Working from the top of the records below, reproduce each line exactly, ending once you have written the line containing "Anzeige von Lieselotte Brux von MGO".
┌─ Given records
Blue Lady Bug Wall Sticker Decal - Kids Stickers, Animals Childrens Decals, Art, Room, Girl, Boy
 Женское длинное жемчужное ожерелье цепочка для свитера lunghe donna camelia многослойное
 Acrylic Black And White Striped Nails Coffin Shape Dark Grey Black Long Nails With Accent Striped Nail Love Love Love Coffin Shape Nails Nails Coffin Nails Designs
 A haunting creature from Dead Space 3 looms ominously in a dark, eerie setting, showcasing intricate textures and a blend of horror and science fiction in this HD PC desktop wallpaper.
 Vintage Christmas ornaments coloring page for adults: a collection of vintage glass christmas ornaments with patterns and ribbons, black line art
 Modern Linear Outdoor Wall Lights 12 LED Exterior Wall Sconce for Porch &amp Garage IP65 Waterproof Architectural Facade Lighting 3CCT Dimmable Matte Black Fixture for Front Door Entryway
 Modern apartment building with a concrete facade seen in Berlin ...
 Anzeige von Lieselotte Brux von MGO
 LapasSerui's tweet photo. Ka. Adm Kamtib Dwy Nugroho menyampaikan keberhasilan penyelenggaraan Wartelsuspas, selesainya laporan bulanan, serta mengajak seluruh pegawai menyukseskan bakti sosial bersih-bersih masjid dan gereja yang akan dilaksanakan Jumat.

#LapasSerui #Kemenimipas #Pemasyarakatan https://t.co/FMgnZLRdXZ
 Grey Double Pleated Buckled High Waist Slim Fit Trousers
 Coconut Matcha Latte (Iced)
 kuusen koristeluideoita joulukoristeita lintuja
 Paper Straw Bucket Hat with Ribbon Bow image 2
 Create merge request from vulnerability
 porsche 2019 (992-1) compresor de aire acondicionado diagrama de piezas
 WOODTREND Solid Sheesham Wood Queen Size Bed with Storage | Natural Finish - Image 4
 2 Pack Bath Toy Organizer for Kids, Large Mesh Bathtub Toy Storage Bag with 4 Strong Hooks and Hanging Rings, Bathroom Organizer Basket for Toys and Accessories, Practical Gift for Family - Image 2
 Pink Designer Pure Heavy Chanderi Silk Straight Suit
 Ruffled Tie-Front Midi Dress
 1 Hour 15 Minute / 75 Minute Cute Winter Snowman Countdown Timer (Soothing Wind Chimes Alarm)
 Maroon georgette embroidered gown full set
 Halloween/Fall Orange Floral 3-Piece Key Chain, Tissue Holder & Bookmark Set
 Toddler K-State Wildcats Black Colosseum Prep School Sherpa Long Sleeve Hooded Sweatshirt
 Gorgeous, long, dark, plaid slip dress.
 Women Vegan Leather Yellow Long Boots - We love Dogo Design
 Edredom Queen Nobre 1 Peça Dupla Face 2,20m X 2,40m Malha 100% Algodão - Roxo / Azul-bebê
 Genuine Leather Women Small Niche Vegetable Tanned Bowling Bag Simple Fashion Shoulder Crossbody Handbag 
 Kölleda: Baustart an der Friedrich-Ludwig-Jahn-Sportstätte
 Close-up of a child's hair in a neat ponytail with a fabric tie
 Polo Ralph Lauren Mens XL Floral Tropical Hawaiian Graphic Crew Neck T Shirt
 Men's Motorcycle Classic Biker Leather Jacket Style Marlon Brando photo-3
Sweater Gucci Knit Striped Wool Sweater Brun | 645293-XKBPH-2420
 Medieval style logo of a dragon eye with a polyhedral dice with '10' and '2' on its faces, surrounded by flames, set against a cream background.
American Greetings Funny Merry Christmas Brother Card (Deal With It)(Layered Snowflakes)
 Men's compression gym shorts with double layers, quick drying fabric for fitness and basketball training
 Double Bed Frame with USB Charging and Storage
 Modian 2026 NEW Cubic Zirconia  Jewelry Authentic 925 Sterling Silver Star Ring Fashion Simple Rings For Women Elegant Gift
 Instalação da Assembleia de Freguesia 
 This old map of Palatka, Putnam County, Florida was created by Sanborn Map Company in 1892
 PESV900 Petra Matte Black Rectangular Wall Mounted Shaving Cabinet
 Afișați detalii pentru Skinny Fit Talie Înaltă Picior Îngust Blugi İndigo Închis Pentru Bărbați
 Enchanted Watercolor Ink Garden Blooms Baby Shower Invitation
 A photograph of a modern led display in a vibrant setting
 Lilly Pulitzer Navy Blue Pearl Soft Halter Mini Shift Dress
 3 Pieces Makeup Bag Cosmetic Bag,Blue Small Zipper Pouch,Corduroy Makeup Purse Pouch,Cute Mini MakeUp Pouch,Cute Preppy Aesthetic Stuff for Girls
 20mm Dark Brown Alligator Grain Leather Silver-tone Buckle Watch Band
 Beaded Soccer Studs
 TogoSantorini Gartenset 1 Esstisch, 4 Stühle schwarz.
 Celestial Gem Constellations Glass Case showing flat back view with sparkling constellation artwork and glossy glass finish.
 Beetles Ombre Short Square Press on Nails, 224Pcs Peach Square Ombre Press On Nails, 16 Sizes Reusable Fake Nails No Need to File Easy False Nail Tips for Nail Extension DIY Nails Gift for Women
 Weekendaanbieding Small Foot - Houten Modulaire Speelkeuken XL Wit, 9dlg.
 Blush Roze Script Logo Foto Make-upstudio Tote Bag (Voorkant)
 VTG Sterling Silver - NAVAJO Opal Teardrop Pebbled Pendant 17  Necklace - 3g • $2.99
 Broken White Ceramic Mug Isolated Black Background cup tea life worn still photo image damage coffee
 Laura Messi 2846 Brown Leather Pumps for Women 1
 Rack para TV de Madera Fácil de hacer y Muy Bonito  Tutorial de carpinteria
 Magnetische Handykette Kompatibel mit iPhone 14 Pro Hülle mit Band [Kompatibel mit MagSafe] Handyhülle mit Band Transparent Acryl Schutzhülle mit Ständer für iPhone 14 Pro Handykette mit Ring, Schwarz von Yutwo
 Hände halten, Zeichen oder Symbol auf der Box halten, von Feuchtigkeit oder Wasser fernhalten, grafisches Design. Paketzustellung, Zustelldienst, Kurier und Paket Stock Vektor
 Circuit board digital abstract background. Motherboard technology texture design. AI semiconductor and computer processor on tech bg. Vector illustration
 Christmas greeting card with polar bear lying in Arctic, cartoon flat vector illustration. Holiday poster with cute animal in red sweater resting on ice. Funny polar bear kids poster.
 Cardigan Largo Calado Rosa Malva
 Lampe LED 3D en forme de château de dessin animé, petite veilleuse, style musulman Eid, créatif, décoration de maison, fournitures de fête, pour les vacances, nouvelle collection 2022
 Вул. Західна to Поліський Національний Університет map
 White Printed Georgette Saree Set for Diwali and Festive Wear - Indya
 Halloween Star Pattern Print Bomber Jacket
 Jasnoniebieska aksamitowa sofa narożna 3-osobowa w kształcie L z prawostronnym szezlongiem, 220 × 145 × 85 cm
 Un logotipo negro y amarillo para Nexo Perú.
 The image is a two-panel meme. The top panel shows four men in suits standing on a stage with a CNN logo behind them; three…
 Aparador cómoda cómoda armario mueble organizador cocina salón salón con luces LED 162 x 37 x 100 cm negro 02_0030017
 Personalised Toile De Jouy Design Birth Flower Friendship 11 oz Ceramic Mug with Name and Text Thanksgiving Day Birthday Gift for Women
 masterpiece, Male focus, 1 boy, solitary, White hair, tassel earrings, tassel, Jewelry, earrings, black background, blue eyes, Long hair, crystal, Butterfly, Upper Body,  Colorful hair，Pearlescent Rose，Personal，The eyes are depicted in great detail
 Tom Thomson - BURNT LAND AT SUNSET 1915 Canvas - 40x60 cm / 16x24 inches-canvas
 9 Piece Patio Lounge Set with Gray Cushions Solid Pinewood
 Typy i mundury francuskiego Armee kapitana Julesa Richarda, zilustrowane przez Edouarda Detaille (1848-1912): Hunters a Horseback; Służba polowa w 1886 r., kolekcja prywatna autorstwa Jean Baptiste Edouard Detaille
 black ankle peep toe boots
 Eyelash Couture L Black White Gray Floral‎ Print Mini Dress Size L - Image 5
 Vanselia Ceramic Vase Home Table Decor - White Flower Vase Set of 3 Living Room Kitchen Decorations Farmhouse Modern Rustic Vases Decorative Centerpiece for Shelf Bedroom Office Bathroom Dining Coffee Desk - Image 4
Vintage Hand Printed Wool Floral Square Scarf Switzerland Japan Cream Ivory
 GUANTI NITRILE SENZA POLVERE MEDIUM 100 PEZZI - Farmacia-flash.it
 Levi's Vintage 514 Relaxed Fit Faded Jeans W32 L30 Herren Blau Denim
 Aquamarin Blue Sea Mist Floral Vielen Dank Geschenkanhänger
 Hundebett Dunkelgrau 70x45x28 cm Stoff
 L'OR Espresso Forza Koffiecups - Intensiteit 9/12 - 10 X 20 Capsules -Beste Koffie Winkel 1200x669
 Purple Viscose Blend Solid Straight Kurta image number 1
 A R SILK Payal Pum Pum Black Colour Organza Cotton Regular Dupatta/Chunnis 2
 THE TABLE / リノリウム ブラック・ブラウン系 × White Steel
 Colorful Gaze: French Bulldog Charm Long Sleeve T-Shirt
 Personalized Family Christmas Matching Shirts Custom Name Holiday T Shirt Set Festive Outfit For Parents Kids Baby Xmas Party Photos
└─
### Solution for this exercise
Blue Lady Bug Wall Sticker Decal - Kids Stickers, Animals Childrens Decals, Art, Room, Girl, Boy
 Женское длинное жемчужное ожерелье цепочка для свитера lunghe donna camelia многослойное
 Acrylic Black And White Striped Nails Coffin Shape Dark Grey Black Long Nails With Accent Striped Nail Love Love Love Coffin Shape Nails Nails Coffin Nails Designs
 A haunting creature from Dead Space 3 looms ominously in a dark, eerie setting, showcasing intricate textures and a blend of horror and science fiction in this HD PC desktop wallpaper.
 Vintage Christmas ornaments coloring page for adults: a collection of vintage glass christmas ornaments with patterns and ribbons, black line art
 Modern Linear Outdoor Wall Lights 12 LED Exterior Wall Sconce for Porch &amp Garage IP65 Waterproof Architectural Facade Lighting 3CCT Dimmable Matte Black Fixture for Front Door Entryway
 Modern apartment building with a concrete facade seen in Berlin ...
 Anzeige von Lieselotte Brux von MGO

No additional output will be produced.